→ **Activity**:
From the line that contains "woman-looking-to-future-1024-678" to the last line of the data below, transcribe every line exactly. Do not include the pictures.

→ **Dataset excerpt**:
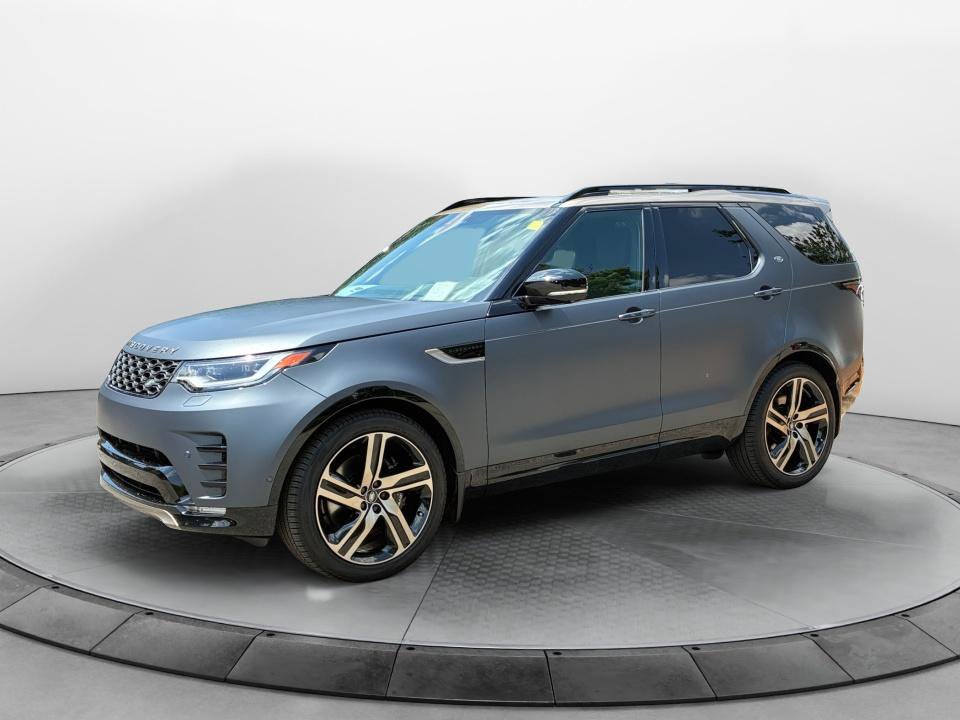 New 2026 Land Rover Discovery Limited Edition AWD/4WD image 1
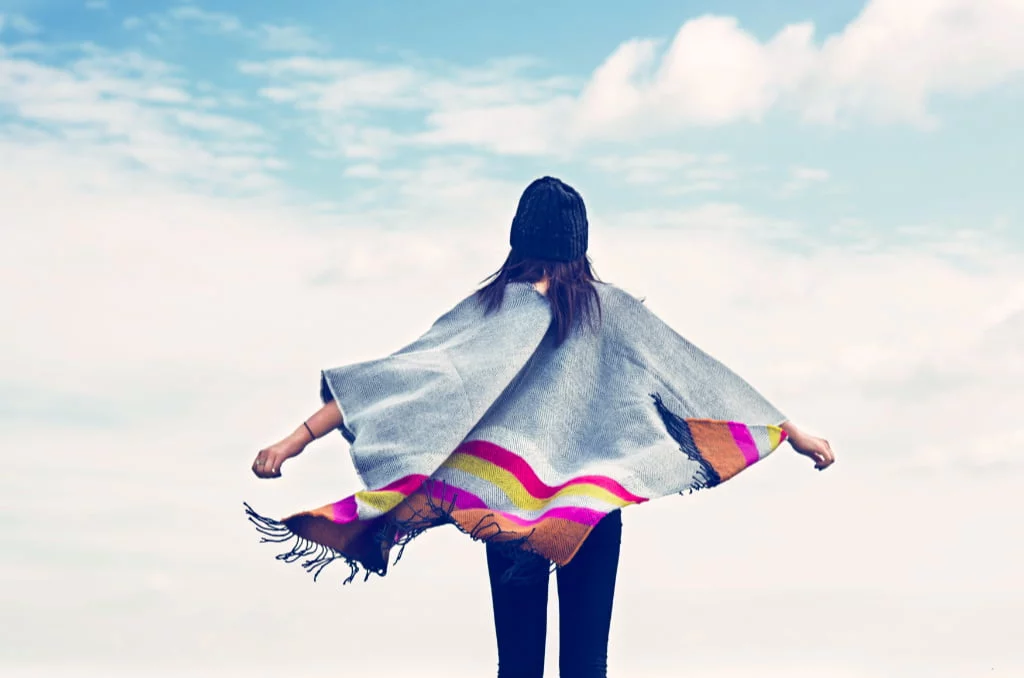 woman-looking-to-future-1024-678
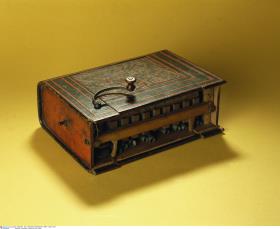 Serinette in Buchform mit Walze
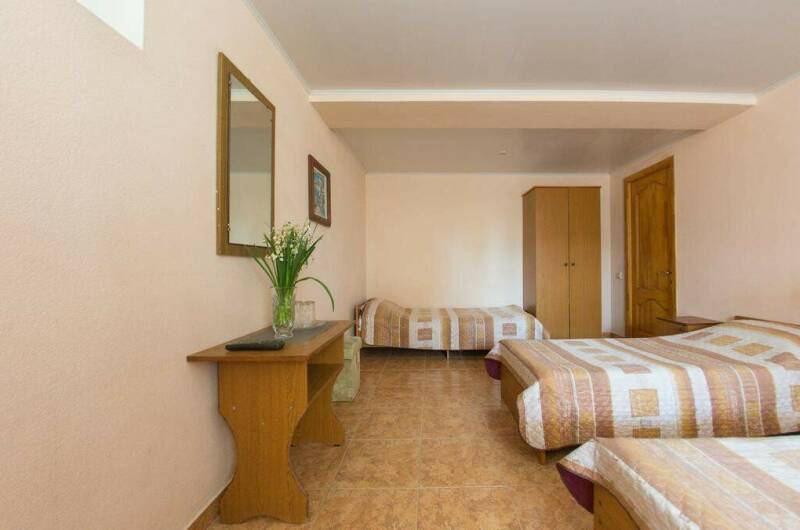 Четырехместный номер -эконом, удобства на этаже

→ **Result for this task**:
 woman-looking-to-future-1024-678
 Serinette in Buchform mit Walze
 Четырехместный номер -эконом, удобства на этаже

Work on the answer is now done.